* _WHAT TO PRODUCE_:
From the line with "Charlotte McKinney feet photo thumbnail" through the line with "TOYOTA HIGHLANDER 2017 5tdjzrfh7hs385870", repeat the entries verbatim, both end lines included, and add nothing.

** Opening SOURCE MATERIAL block **

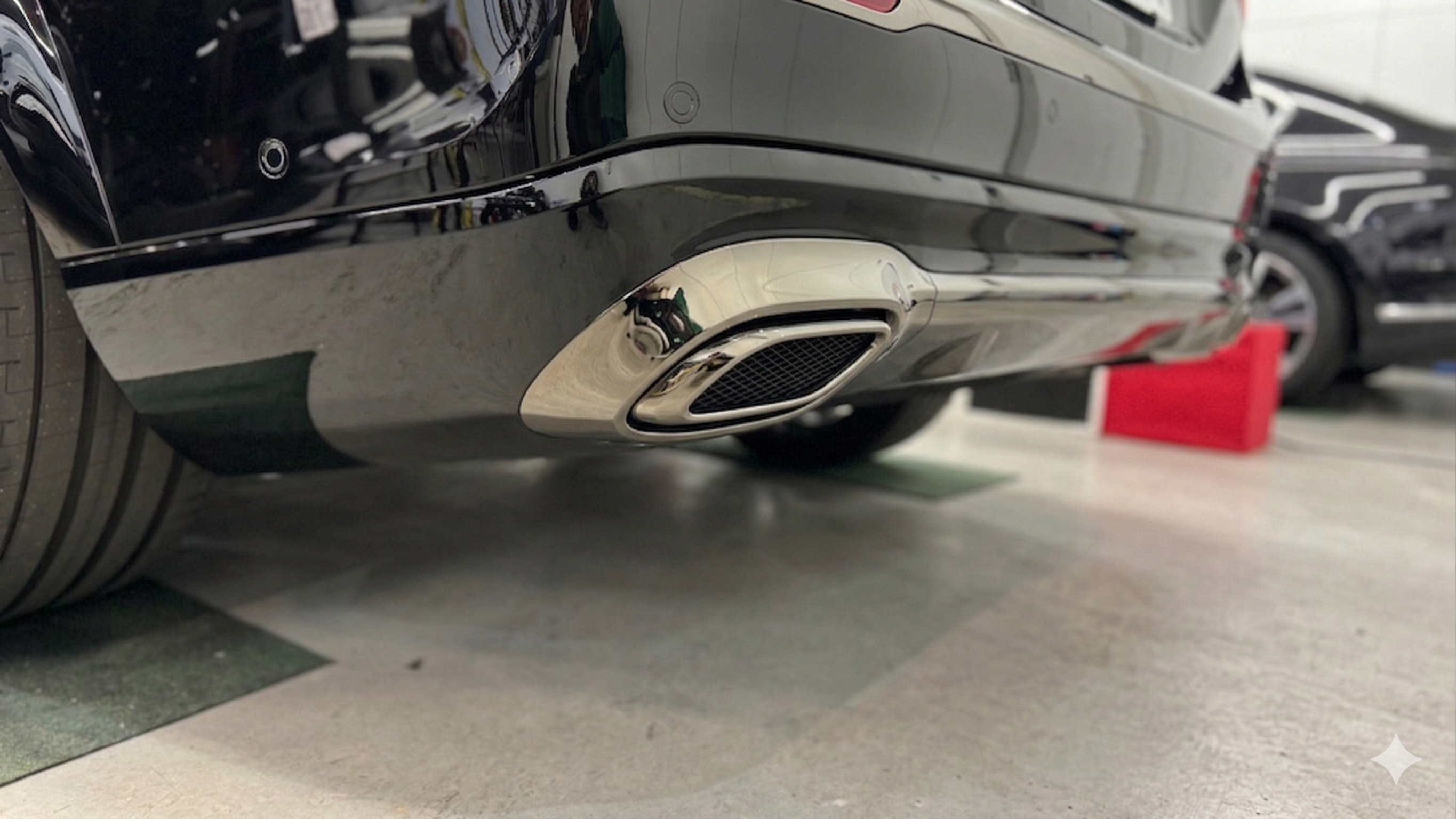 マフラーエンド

** Closing SOURCE MATERIAL block **
** Opening SOURCE MATERIAL block **

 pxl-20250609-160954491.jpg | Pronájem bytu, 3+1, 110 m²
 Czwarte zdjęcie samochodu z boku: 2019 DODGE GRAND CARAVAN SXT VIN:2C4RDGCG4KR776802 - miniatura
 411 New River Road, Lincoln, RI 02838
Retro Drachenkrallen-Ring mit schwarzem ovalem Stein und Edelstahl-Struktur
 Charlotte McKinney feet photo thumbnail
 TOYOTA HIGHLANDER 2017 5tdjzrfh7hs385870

** Closing SOURCE MATERIAL block **

* _TASK RESPONSE_:
 Charlotte McKinney feet photo thumbnail
 TOYOTA HIGHLANDER 2017 5tdjzrfh7hs385870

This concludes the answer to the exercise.